Lennard's Carrying Co Ltd v Asiatic Petroleum Co Ltd [1915] AC 705 is an important legal decision of the House of Lords on the ability to impose a liability upon a corporation. The decision expands upon the earlier decision in Salomon v Salomon & Co. [1897] AC 22 and first introduced the "alter ego" theory of corporate liability.

==Facts==
A ship owned by Lennard's Carrying Company was transporting some goods on a voyage from Novorossiysk to the Asiatic Petroleum Company, a joint venture of the Shell and Royal Dutch oil companies. The ship sank and the cargo was lost. The judge found that the director, Mr Lennard, did know or should have known about defects in the ship, which led its boiler to catch fire, and ultimately caused the ship to sink. There was an exemption from liability in section 502 of the Merchant Shipping Act 1894 (57 & 58 Vict. c. 60), stating that a ship owner would not be liable for losses if an event happened without "actual fault or privity". Asiatic Petroleum sued Mr Lennard's company for negligence under the Act. At issue was whether the guilty acts of a director would be imposed upon the corporation. Lennard's Carrying Company argued that it was not liable and could be exempt under section 502.

==Judgment==
The House of Lords held that liability could be imposed on a corporation for the acts of the directors because there is a rebuttable presumption that the directors are the controlling minds of the company. Here Mr Lennard did not rebut the presumption. Viscount Haldane explained the "directing mind" principle of corporate liability:

...a corporation is an abstraction. It has no mind of its own any more than it has a body of its own; its active and directing will must consequently be sought in the person of somebody who for some purposes may be called an agent, but who is really the directing mind and will of the corporation, the very ego and centre of the personality of the corporation. .... It must be upon the true construction of that section in such a case as the present one that the fault or privity is the fault or privity of somebody who is not merely a servant or agent for whom the company is liable upon the footing respondeat superior, but somebody for whom the company is liable because his action is the very action of the company itself. It is not enough that the fault should be the fault of a servant in order to exonerate the owner, the fault must also be one which is not the fault of the owner, or a fault to which the owner is privy; and I take the view that when anybody sets up that section to excuse himself from the normal consequences of the maxim respondeat superior the burden lies upon him to do so.
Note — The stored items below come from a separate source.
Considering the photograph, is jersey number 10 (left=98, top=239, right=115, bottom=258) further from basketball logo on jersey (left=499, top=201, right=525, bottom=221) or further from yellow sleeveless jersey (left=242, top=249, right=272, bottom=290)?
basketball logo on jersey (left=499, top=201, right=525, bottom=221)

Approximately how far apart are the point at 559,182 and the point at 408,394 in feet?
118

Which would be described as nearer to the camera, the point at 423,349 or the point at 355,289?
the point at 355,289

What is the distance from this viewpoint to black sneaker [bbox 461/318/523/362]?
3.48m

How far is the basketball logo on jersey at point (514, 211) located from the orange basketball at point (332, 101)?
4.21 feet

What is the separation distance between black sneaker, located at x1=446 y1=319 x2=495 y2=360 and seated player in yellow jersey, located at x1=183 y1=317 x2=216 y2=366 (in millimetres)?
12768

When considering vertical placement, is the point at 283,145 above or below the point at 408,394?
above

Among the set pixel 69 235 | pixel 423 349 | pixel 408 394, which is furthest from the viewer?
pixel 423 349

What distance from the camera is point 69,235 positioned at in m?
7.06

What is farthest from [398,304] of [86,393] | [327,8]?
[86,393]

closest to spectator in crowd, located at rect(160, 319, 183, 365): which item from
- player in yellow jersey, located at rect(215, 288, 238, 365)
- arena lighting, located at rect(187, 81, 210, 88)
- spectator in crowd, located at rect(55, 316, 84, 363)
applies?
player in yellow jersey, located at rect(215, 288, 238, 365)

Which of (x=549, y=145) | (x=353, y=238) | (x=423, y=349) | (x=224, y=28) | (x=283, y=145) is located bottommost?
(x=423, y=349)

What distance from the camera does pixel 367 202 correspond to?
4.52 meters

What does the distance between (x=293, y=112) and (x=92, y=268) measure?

In considering the case of Mr Lennard himself, he stated:

...whatever is not known about Mr. Lennard's position, this is known for certain, Mr. Lennard took the active part in the management of this ship on behalf of the owners, and Mr. Lennard, as I have said, was registered as the person designated for this purpose in the ship's register. Mr. Lennard therefore was the natural person to come on behalf of the owners and give full evidence not only about the events of which I have spoken, and which related to the seaworthiness of the ship, but about his own position and as to whether or not he was the life and soul of the company. For if Mr. Lennard was the directing mind of the company, then his action must, unless a corporation is not to be liable at all, have been an action which was the action of the company itself...

==Significance==
Prior to this case the primary means of imposing liability on a corporation was through vicarious liability, but that applied only to employees of the company and excluded the directors. Since the Lennard case, the alter ego theory has become the most powerful method of imposing liability on a corporation. It has proved to be particularly effective for imposing criminal liability.